Sin energía eléctrica -porque se les había cortado-, el Escolta aguantó como pudo. Ingeniándose, lograron entrar en el circuito de radio de los golpistas anunciando que la Artillería de Paraguarí venía hacia Asunción. Stroessner intentaba ganar tiempo, por si aquellos que le juraban "lealtad hasta las últimas consecuencias" dieran señales de estar en pie. El jefe de Estado Mayor, el general Alejandro Fretes Dávalos, fue enviado al frente para negociar.

Oviedo advirtió claramente la maniobra dilatoria. Por eso, los morterazos disparados desde diversos puntos estratégicos, arreciaron. Incluso -porque a esa hora, alrededor de las 24.00, la Aeronáutica ya había sido dominada por una fuerza combinada de la Caballería y "apalabrados" del arma-, el Xavante hizo un estremecedor vuelo rasante con la orden de lanzar unos caramelitos sobre los que no querían rendirse.

Como Stroessner -cumpliendo el sino de todo dictador que se precie- se encontró solo en aquel terrible momento crucial y viendo todo perdido, se entregó. El viejo lobo sanguinario intentó hacerse el corderuelo para salvar el pescuezo. No había caso, sin embargo: ni arrodillado podía disimular la bestia que llevaba dentro.

En las primeras horas del 3, Stroessner subió por última vez al automóvil presidencial. Ya jamás iría al Palacio. Ni ordenaría que arrojaran a ningún "subversivo" desde un avión. Acompañado por el coronel Oviedo, iba preso a la Caballería. Desde allí, el domingo 5 a la tarde, la televisión mostraría al pueblo paraguayo cómo el todopoderoso -porque, escondido en una valijera, ya lo había hecho antes- empezaba a beber otra vez aquella medicina que con tanta saña utilizó: el destierro al Brasil. Al subir la escalerilla del avión que lo llevaría al Brasil se exhibía encorvado y viejo. Más que eso: muerto de antemano.

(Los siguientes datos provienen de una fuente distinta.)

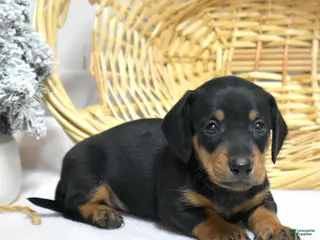 Miniature Dachshund dogs Lucky - Ad 7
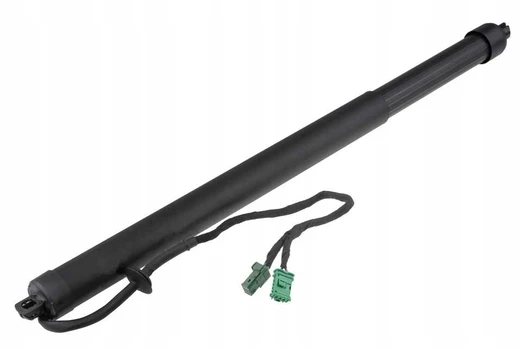 Galinių durų elektros variklis NTY AE-CT-058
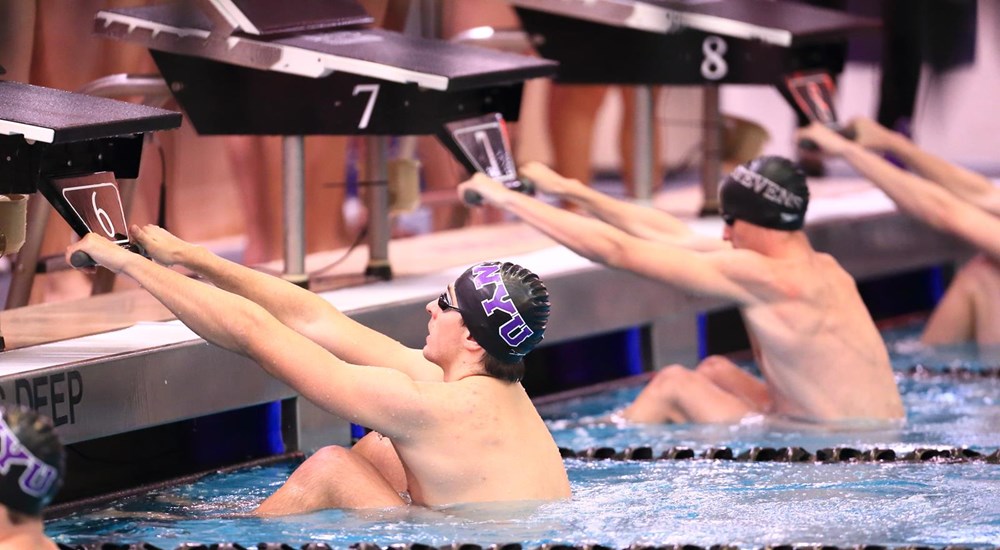 NYU swimmers in the pool during a competition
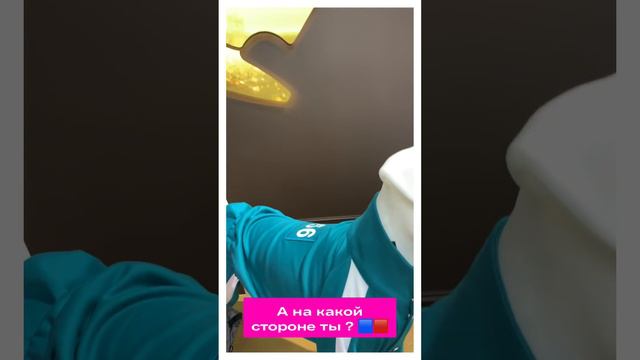 Костюмы для собак - Игра в кальмара смотреть онлайн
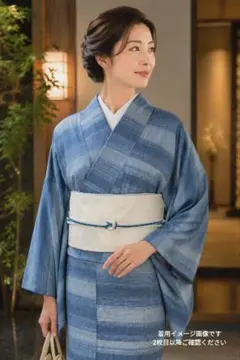 美品 正絹単衣 縄手絣 横段暈し紬 証紙有 名古屋帯サービス 裄68のサムネイル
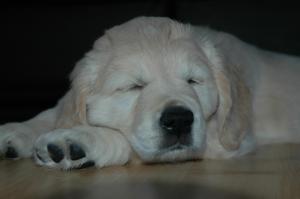 Ashbyglen Puppy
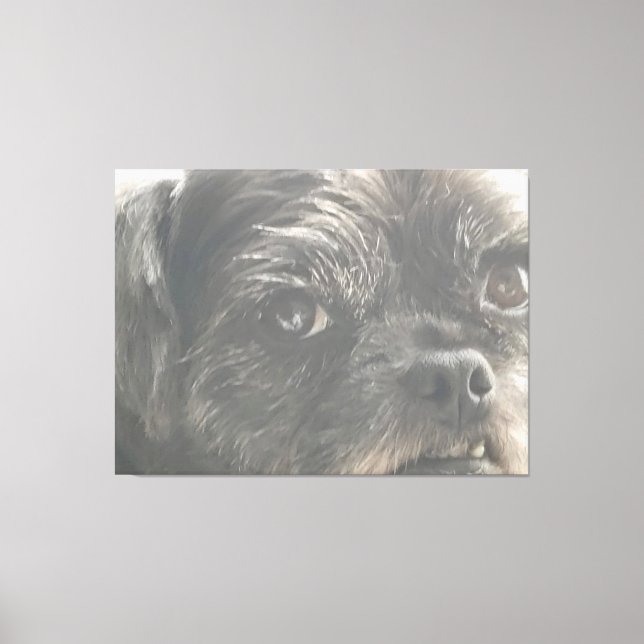 Greedo Watches Leinwanddruck (Vorderseite)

A medida que avanzaba la madrugada hacia el alba -esta vez sí sería verdaderamente el alba-, el panorama se iba aclarando. Hasta los militares que -especulando acerca de la dirección del viento-, se retrasaron en adherir a la "gesta libertaria" hicieron escuchar sus voces a través de Radio Primero de Marzo. La voz del líder revolucionario, el general Andrés Rodríguez, anunciando la victoria fue emocionante. En cada vocablo suyo convergían todos -vivos y muertos- los que habían luchado por alcanzar aquel día de libertad.

MAÑANA DE LIBERTAD

Aunque estaba oscuro todavía y caía una tenue llovizna acaso de adhesión a la gesta victoriosa, a las 5 de la mañana ya amaneció en el Paraguay. Los miedos e incertidumbres de golpistas y no golpistas seguros de que si la insurrección fracasaba iba a desatarse una feroz carnicería, se habían disipado.

Desde las 6, con las calles ya limpias de sangre aunque con olor a pólvora todavía en el ambiente y edificios descuartizados a cañonazos, la gente empezó a salir de sus casas.

Se inauguraba un tiempo de abrazos, risas, lágrimas, regresos inmediatos de exiliados, confraternización de militares y civiles, lágrimas y risas otra vez, en fin, una jubilosa primavera de verano.